DEPENDENCE ON SMALL NUMBER OF CUSTOMERS

        A small number of customers account for a substantial portion of the
Company's net revenues, and the Company expects that a limited number of
customers will continue to represent a substantial portion of the Company's net
revenues for the foreseeable future. The loss of any of the Company's major
customers would have a material adverse effect on its business, financial
condition and results of operations. Some of these customers are based in the
Pacific Rim, which is subject to economic and political uncertainties. In
addition, a majority of the Company's customers order the Company's products
through written purchase orders as opposed to long-term supply contracts and,
therefore, such customers are generally not obligated to purchase products from
the Company for any extended period. Major customers also have significant
leverage over the Company and may attempt to change the terms, including
pricing, upon which the Company and such customers do business, which could
materially adversely affect the Company's business, financial condition and
results of operations. This risk is increased due to the potential for some of
these customers merging or acquiring other customers of the Company. As the
Company's OEM customers are pressured to reduce prices as a result of
competitive factors, the Company may be required to contractually commit to
price reductions for its products before it knows how, or if, cost reductions
can be obtained. If the Company is unable to achieve such cost reductions, the
Company's gross margins could decline and such decline could have a material
adverse effect on the Company's business, financial condition and results of
operations.

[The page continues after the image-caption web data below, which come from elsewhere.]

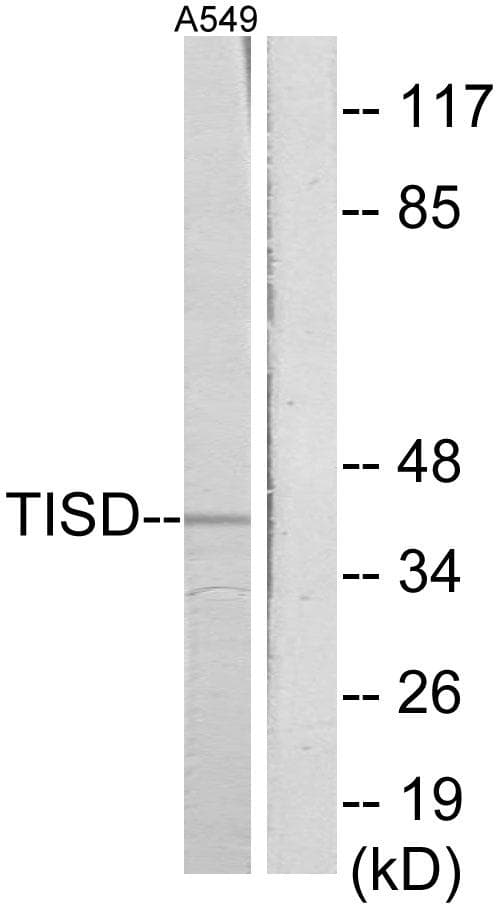 ZFP36L2 Antibody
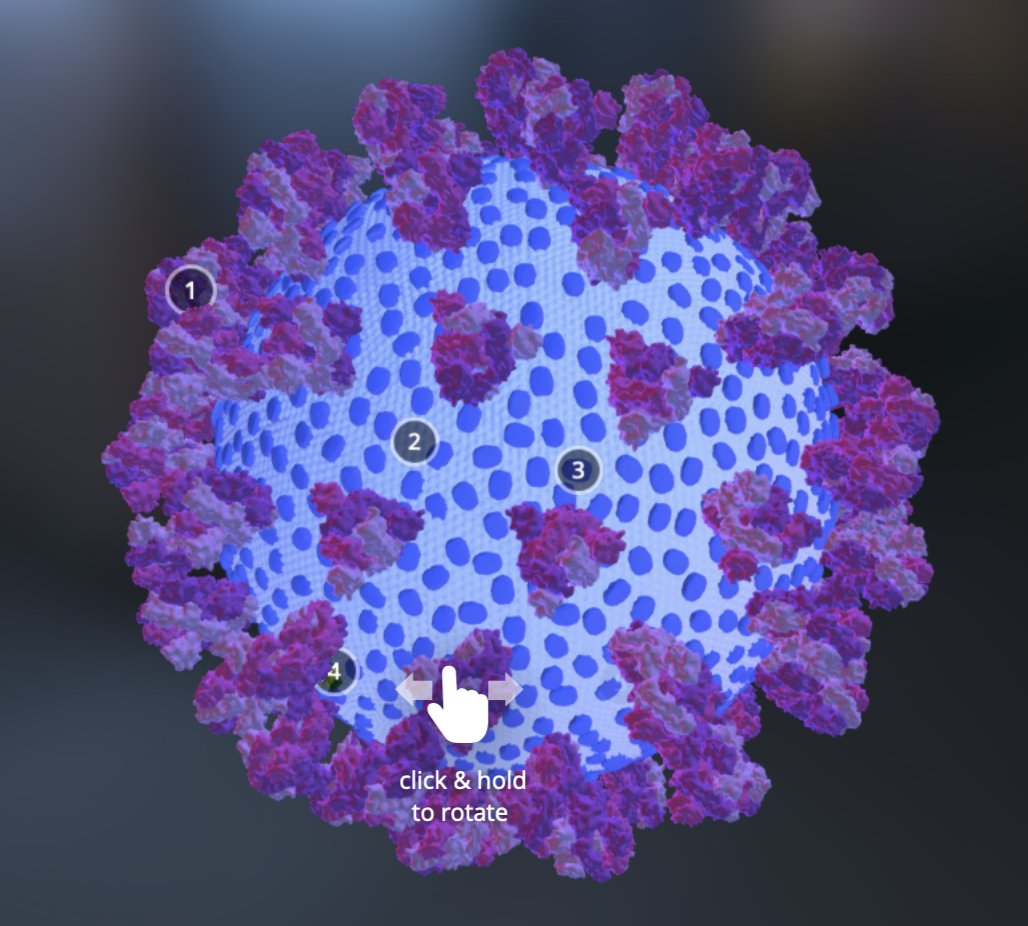 BREAKING NEWS: Detailed 3D model of SARS-CoV-2 revealed 
Model created by 
<a href="/GSofA/">The Glasgow School of Art</a> <a href="/GSofASimVis/">SIT-GSA</a> graduate Annabel Slater 
@Scient_Art with 
<a href="/UofGlasgow/">University of Glasgow</a> Centre for Virus Research
FULL STORY: gsapress.blogspot.com/2020/05/news-r…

In addition, the Company provides certain customers with price
protection in the event that the Company reduces the prices of its products.
While the Company maintains reserves for such price protection, there can be no
assurance that the impact of future price reductions by the Company will not
exceed the Company's reserves in any specific fiscal period. Any price
protection in excess of recorded reserves could have a material adverse effect
on the Company's business, financial condition and results of operations.

COMPETITION

        The markets for both peripheral and host computer products are highly
competitive and are characterized by short product life cycles, price erosion,
rapidly changing technology, frequent product performance improvements and
evolving industry standards. Competition typically occurs at the design stage,
where the customer evaluates alternative design approaches. Because of shortened
product life cycles and even shorter design-in cycles, the Company's competitors
have increasingly frequent opportunities to achieve design wins in next
generation systems. A design win usually ensures a customer will purchase the
product until a higher performance standard is available or a competitor can
demonstrate a significant price/performance advantage. Most of the Company's
products compete with products available from several companies, many of which
have substantially greater research and development, long term guaranteed supply
capacity, marketing and financial resources, manufacturing capability and
customer support organizations than those of the Company. The Company believes
that its future operating results will depend, in part, upon its ability to
continue to improve product and process technologies and develop new
technologies in order to achieve or maintain the performance advantages of
products and processes relative to competitors, to adapt products and processes
to technological changes, and to identify and adopt emerging industry standards.
Because of the complexity of its products, the Company has experienced delays
from time to time in completing products on a timely basis. If the Company is
unable to design, develop and introduce competitive new products on a timely
basis, its future operating results would be materially and adversely affected.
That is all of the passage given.